А случилось вот что.
Мне было лет двенадцать, наверное, когда я впервые оказался в ленинградской квартире своего дяди (точнее, родного брата деда) Абрама Филипповича Чудновского, профессора физики и страстного собирателя живописи русского авангарда, которого сам великий Костаки называл «коллекционером №2». В квартире Чудновских я прожил тогда всего несколько дней, постоянно слыша фамилии Коровин, Фальк, Кустодиев, Кончаловский. И понял, что всё висящее на стенах благолепие имеет к этим удивительным людям самое прямое отношение. Полагаю, этой прививки в детстве мне хватило, чтобы стать «человеком впитывающим» — до сегодняшнего дня.

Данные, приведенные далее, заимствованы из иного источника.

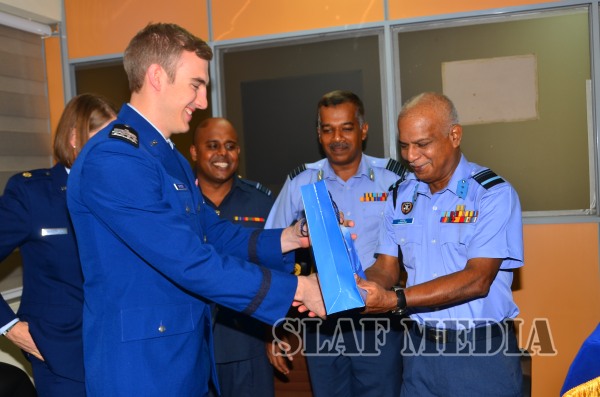 United States Air Force Academy Cadets Visit Sri Lanka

С тех пор, с юных лет, меня, необъяснимым образом, стало притягивать искусство, «где контуры размыты, словно краска затекла, или художник не озаботился аккуратно обозначить края кистью» (В. Черешня), будь то французский импрессионизм или русский авангард. И чтобы обязательно была загадка. А музеи я не люблю — глаза разбегаются, ноги устают. Другое дело выставки — те, например, что были прошлым годом в Москве: Малевич, Лисицкий, Сутин, или вот недавняя — Илья Кабаков. Как под прохладным душем в жару…
Понимая свою досадную непричастность к касте «людей смотрящих», я долго пробовал найти для себя какую-нибудь опору в текстах «Путеводителя». Решил начать с полотен, темы которых особенно близки мне в силу моих занятий библейской историей. Так Григорий Стариковский представил, в частности, картину Бьяджи д’ Антонио «История Иосифа» (1482).

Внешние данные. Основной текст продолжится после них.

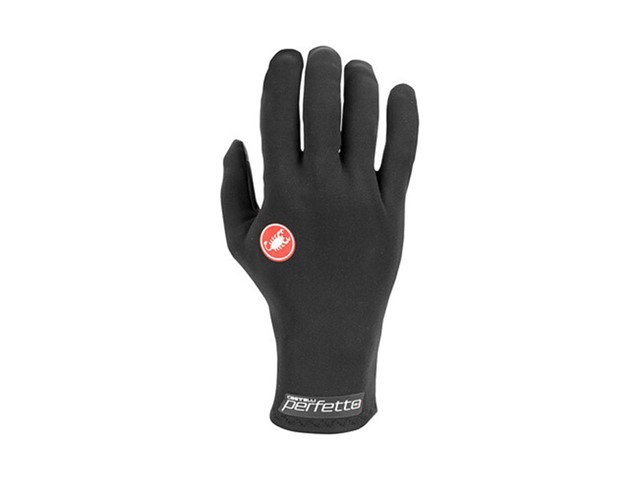 GUANTES PERFETTO ROS NEGROS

На картине запечатлены несколько сцен из жизни Иосифа без всякой хронологической последовательности, вообще без всякого видимого порядка в череде событий. Только долгое разглядывание шедевра позволяет безошибочно вычленить несколько эпизодов, в центре которых угадывается рыжеволосый молодой человек, почти юноша, в темно-зеленой одежде без всяких примет старения. Вот он толкует сны фараона, вот восседает «на деревянной колесной платформе» (может, все же золотой?), нежно встречает своего отца Иакова…
На заднем плане хронологический порядок еще менее очевиден, но и его как-то можно выстроить. Стариковский отнюдь не ограничивает наше воображение, а лишь намечает необходимые ориентиры. Он обращает наше внимание на то, что события происходят в средневековом городе, где лишь песок и верблюды указывают на место действия библейского сюжета.
Однако у зрителя, если он не является «человеком смотрящим», т.е. профессиональным созерцателем искусства, все равно остаются вопросы, на которые Стариковский отвечает чрезвычайно тонкой и емкой фразой в самом конце своего этюда. «Художник создает ощущение совместимости казалось бы разрозненных элементов, как если бы одна сцена служила толкованием другой». Точно! Да ведь именно так устроен Талмуд.
К «библейской теме» обращена картина Камиля Коро «Разрушение Содома» (1843-57) и посвященный ей очерк Григория Стариковского. Автор подчеркивает, что в процессе работы над картиной художник значительно изменил ее. Вероятно, Коро со временем осознавал, что перед зрителем должно предстать не какое-то природное явление, пусть и кошмарное, но апокалиптический вихрь, уничтожающий жизнь на корню. 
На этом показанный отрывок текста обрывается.